Other disorders commonly presenting with similar extracutaneous manifestations to SSLR and concomitant dermatitis were further excluded based on the morphologic appearance of the lesions and other clinical dissimilarities. Henoch-Schönlein purpura, which also may present with arthralgia, fever, GI symptoms, and extremity edema, was unlikely given the urticarial appearance of the lesions, rather than palpable purpura. Furthermore, the arthritis/arthralgia of Henoch-Schönlein purpura is typically oligoarticular, affecting the large joints of the lower extremities most frequently.
If the patient presents with persistent fever for more than 5 days, Kawasaki disease may be considered in the differential and ruled out with clinical and laboratory assessment. The presence of fever, lymphadenopathy, and acute rash similarly should prompt consideration of a clinical and laboratory work-up for drug reaction with eosinophilia and systemic symptoms. Morphologically, this drug reaction is characterized by a maculopapular eruption more than 3 weeks after exposure to an offending agent. Patients with SSLR respond favorably to cessation of the causative drug and supportive care with antipyretics, NSAIDs, and antihistamines. The cutaneous and extracutaneous manifestations of this drug reaction typically disappear within 2-3 weeks after discontinuation of the offending agent. If symptoms are severe, a short systemic corticosteroid course may be warranted. Our patient’s symptoms completely resolved within 2-3 weeks of discontinuing amoxicillin therapy.
Dr. Matiz is assistant professor of dermatology at Rady Children’s Hospital–San Diego, University of California, San Diego. Dr. Waldman is a clinical research fellow at the hospital. Email them at pdnews@frontlinemedcom.com.
References
1. von Pirquet, C. Frh, and Bela Schick. “Serum Sickness.” Translated by B. Schick. (London: Bailliere, Tindall and Cox, 1951).
2. Cutis. 2002 May;69(5):395-7.
3. J Pediatr. 1994 Nov;125(5 Pt 1):805-11.
4. J Am Acad Dermatol. 1991 Nov;25(5 Pt 1):805-8.
5. J Paediatr Child Health. 2003 Dec;39(9):677-81.
6. Ann Pharmacother. 1996 May;30(5):481-3.
7. J Hosp Med. 2011 Apr;6(4):231-2.
8. Allergy Asthma Immunol Res. 2014 Mar;6(2):183-5.
9. Ann Pharmacother. 2004 Apr;38(4):609-11.
10. Ann Pharmacother. 2000 Apr;34(4):471-3.
11. J Clin Rheumatol. 2013 Sep;19(6):360.
12. Int J Rheum Dis. 2012 Feb;15(1):e6-7.
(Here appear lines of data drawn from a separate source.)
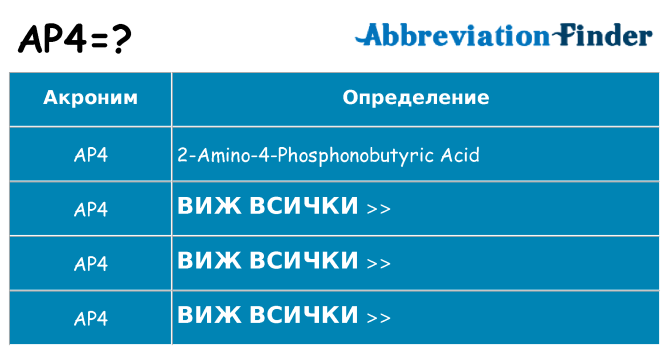 Какво прави ap4 престои
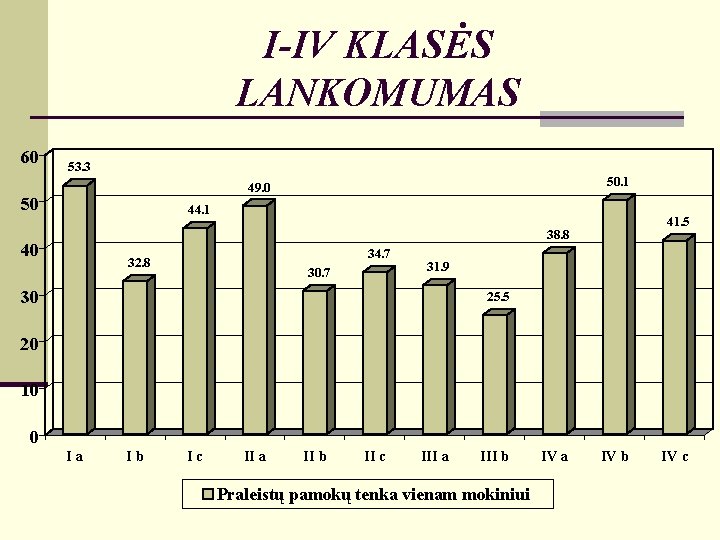 I-IV KLASĖS LANKOMUMAS 60 53. 3 50. 1 49. 0 50 44. 1 41.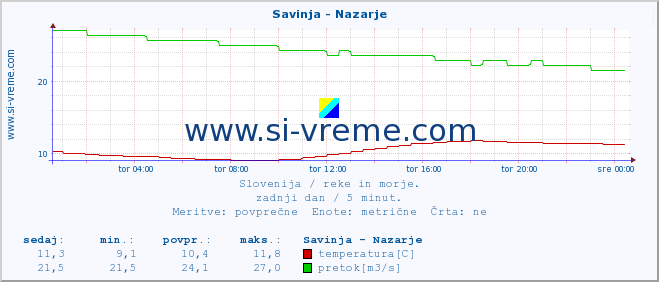 POVPREČJE :: Savinja - Nazarje :: temperatura | pretok | višina :: zadnji dan / 5 minut.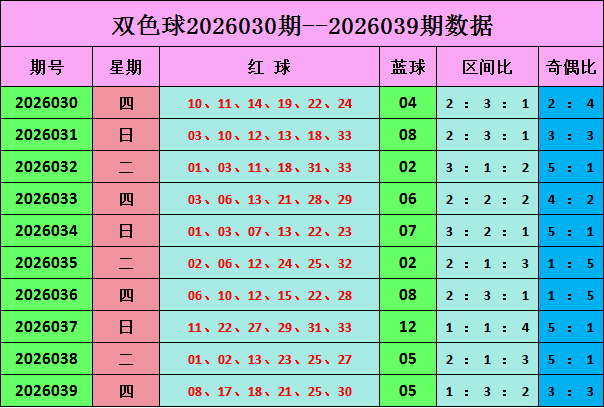 双色球第,期蓝球预测,及专家质合,大发快三彩票会员登录入口,dafa大发彩票官网,大发彩票dafa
13. Am J Med Sci. 2013 May;345(5):412-3.
14. Semin Cutan Med Surg. 2007 Sep;26(3):179-87.
15. J Clin Aesthet Dermatol. 2013 Mar;6(3):34-9.
Make the diagnosis
The day prior to presentation, the family took the patient to the ED for evaluation of the lesions and concomitant swelling of the face, eyelids, hands, and feet, as well as fever and irritability. The ED discharged the patient after comprehensive examination and arranged follow-up in the dermatology clinic the following day. Review of systems further revealed limited gait. Parents denied any recent travel or pets residing in the home. Family history is noncontributory.
Physical exam
The patient is a well-appearing toddler, who is in no acute distress but is irritable. Patient is afebrile, with a temperature of 99.5°F, and vital signs are within normal limits. On skin examination, there are serpiginous and annular confluent erythematous urticarial plaques with a central ecchymotic discoloration over the eyes, peripheral malar distribution, neck, chest, abdomen, back, buttock, extremities, hands, and feet. There is notable eyelid, hand, and feet edema. There was no mucosal involvement. The patient has posterior cervical lymphadenopathy but no hepatomegaly or splenomegaly. The patient refused to walk.